From: Huang Ying <ying.huang@intel.com>
Date: Wed, 6 Sep 2017 23:24:36 +0000 (-0700)
Subject: mm, swap: VMA based swap readahead
X-Git-Url: http://git.lede-project.org./?a=commitdiff_plain;h=ec560175c0b6fce86994bdf036754d48122c5c87;p=openwrt%2Fstaging%2Fblogic.git

mm, swap: VMA based swap readahead

The swap readahead is an important mechanism to reduce the swap in
latency.  Although pure sequential memory access pattern isn't very
popular for anonymous memory, the space locality is still considered
valid.

In the original swap readahead implementation, the consecutive blocks in
swap device are readahead based on the global space locality estimation.
But the consecutive blocks in swap device just reflect the order of page
reclaiming, don't necessarily reflect the access pattern in virtual
memory.  And the different tasks in the system may have different access
patterns, which makes the global space locality estimation incorrect.

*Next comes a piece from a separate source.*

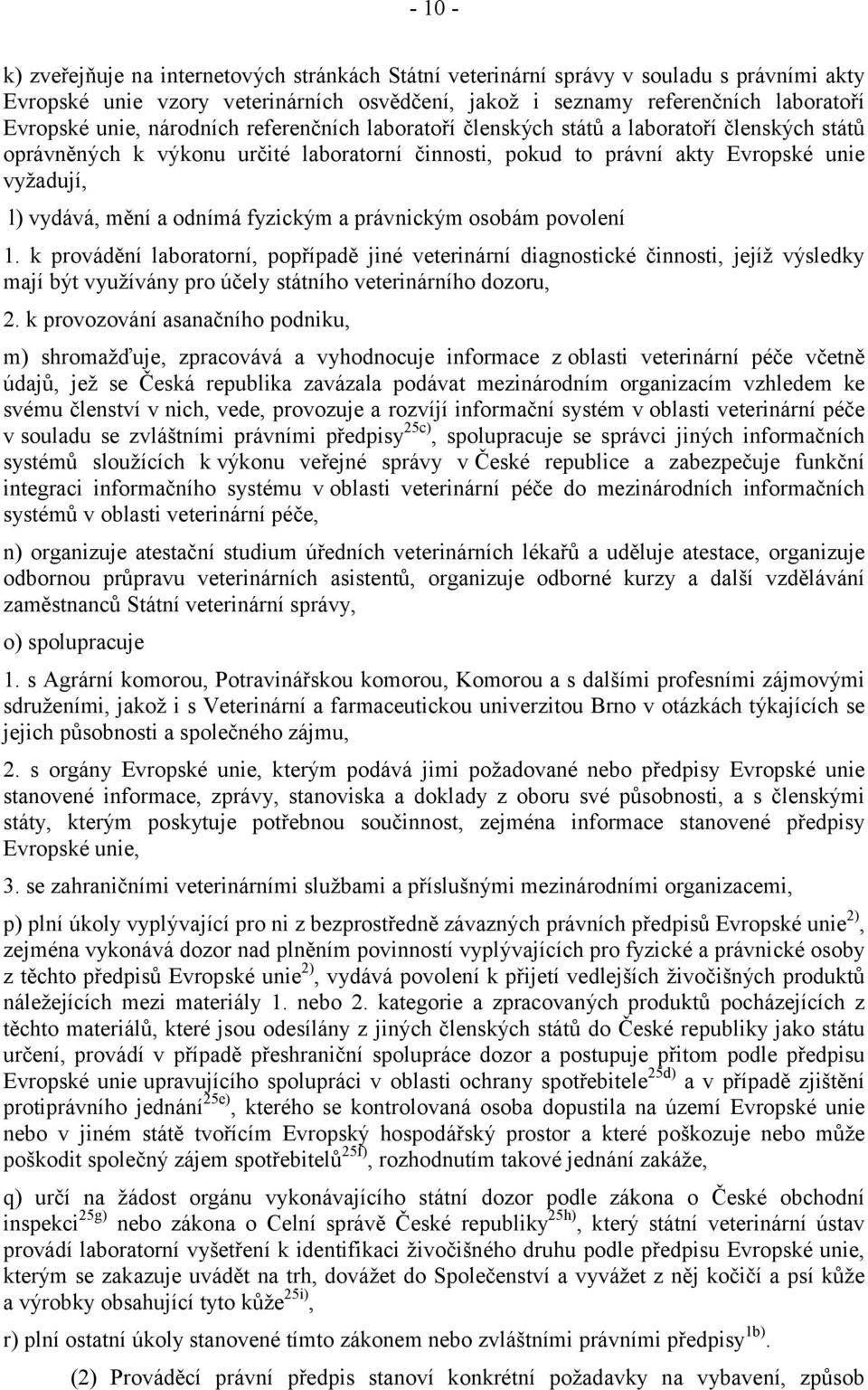 fyzickým a právnickým osobám povolení 1. k provádění laboratorní, popřípadě jiné veterinární diagnostické činnosti, jejíž výsledky mají být využívány pro účely státního veterinárního dozoru, 2.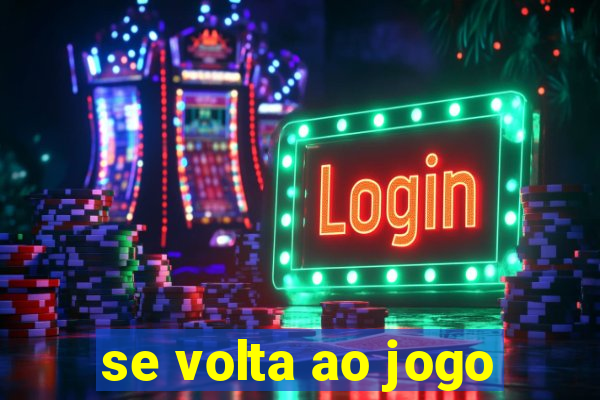 se volta ao jogo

In this patch, when page fault occurs, the virtual pages near the fault
address will be readahead instead of the swap slots near the fault swap
slot in swap device.  This avoid to readahead the unrelated swap slots.
At the same time, the swap readahead is changed to work on per-VMA from
globally.  So that the different access patterns of the different VMAs
could be distinguished, and the different readahead policy could be
applied accordingly.  The original core readahead detection and scaling
algorithm is reused, because it is an effect algorithm to detect the
space locality.

The test and result is as follow,

Common test condition
=====================

Test Machine: Xeon E5 v3 (2 sockets, 72 threads, 32G RAM) Swap device:
NVMe disk

Micro-benchmark with combined access pattern
============================================

vm-scalability, sequential swap test case, 4 processes to eat 50G
virtual memory space, repeat the sequential memory writing until 300
seconds.  The first round writing will trigger swap out, the following
rounds will trigger sequential swap in and out.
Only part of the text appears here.